The 2020 judging panel includes Catherine Ann Cullen, Poetry Ireland’s poet-in-residence; Aidan Clifford, retired former director of the Curriculum Development Unit; and Trócaire’s Patricia Groves, a published author.

Poets of all ages are encouraged to explore the theme, from a local to global perspective. Each year, the winning poems are published in booklet form and presented to the winners at an awards ceremony. Adults and children, through their schools, can enter the competition. Poems in English or Irish are welcome in all six categories, with spoken-word pieces actively encouraged as well as poems.

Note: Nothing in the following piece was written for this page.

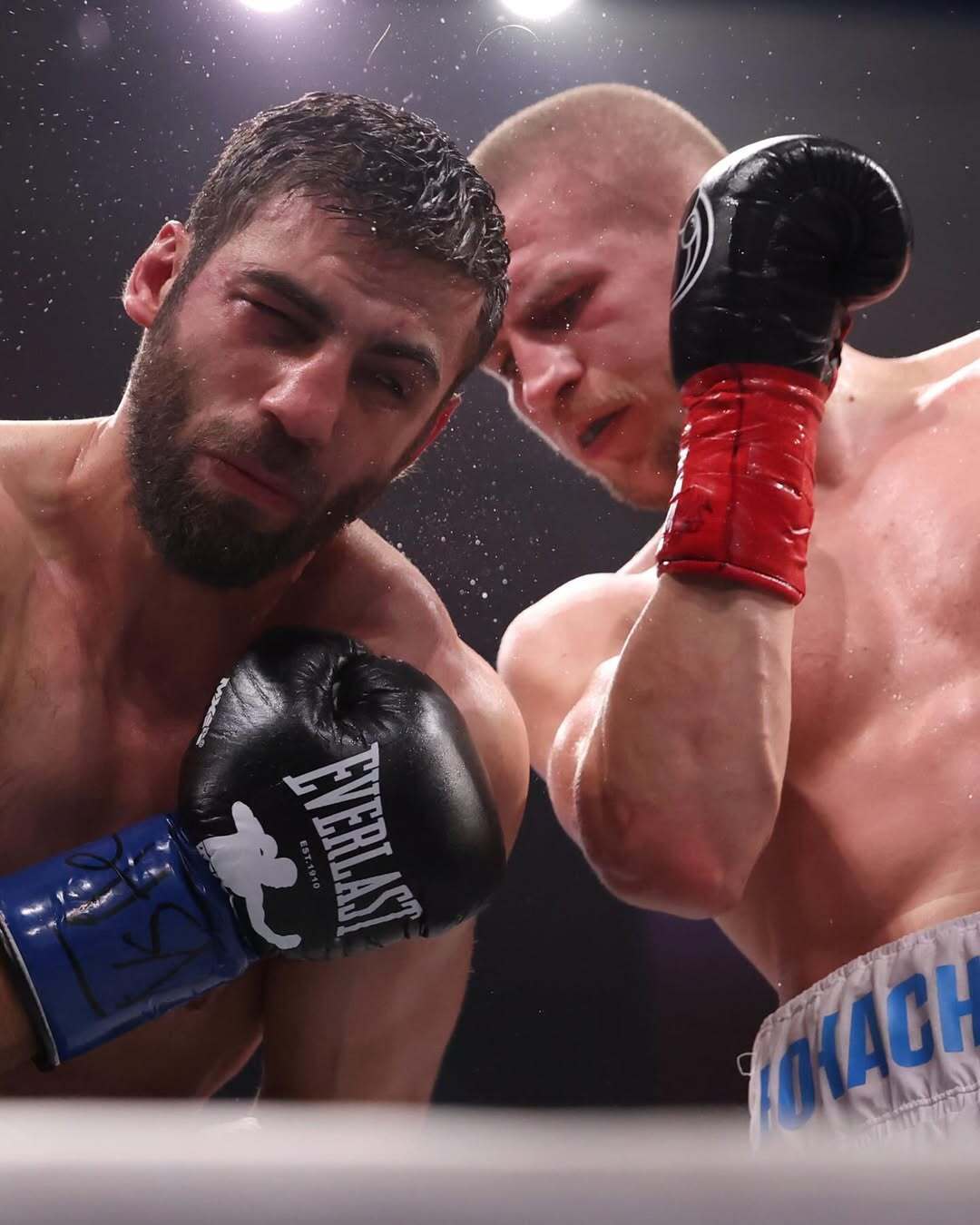 "Не согласен со счетом": знаменитый украинский боксер победил россиянина в США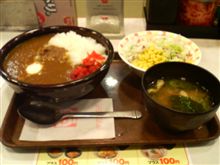 「すき家」通い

winners of the 2019 competition

The 2019 adult published winner was Christine Broe with her poem ‘The Kerchief’ on the theme ‘Land is life’. In it, she writes of a woman gathering the dust and mud of her homeland from her children’s feet, clothes and hair and saving it in the kerchief before crossing the border and leaving their country.

It finishes with the lines:
“and she imagined the apple pip she sucked
might be the first seed she would plant
in this bag of heavy loss.”

The competition is free to enter, and past participants include Eileen Casey, David Mohan, Angela T. Carr, Afric McGlinchey, Dairena Ní Chinnéide, Jane Clarke, Eleanor Hooker and Joseph Horgan.